Exercise objective: Copy the listing below letter for letter, passing over each picture.

Provided data:
++++++++++

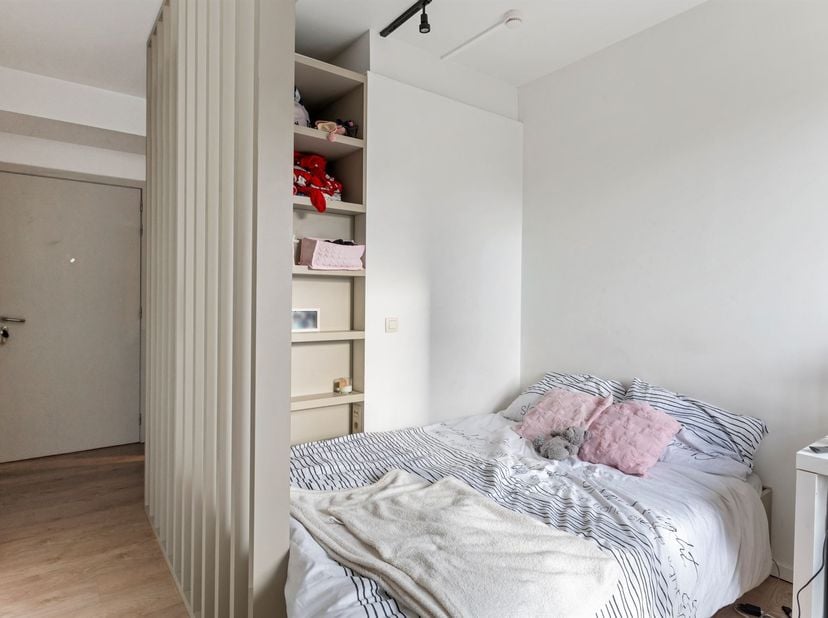 Moderne studentenkamer (16m²) met privé badkamer op toplocatie in hartje Antwerpen<br />
<br />
Ligging:<br />
Deze instapklare studentenkamer bevi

++++++++++

Answer for the task:
 Moderne studentenkamer (16m²) met privé badkamer op toplocatie in hartje Antwerpen<br />
<br />
Ligging:<br />
Deze instapklare studentenkamer bevi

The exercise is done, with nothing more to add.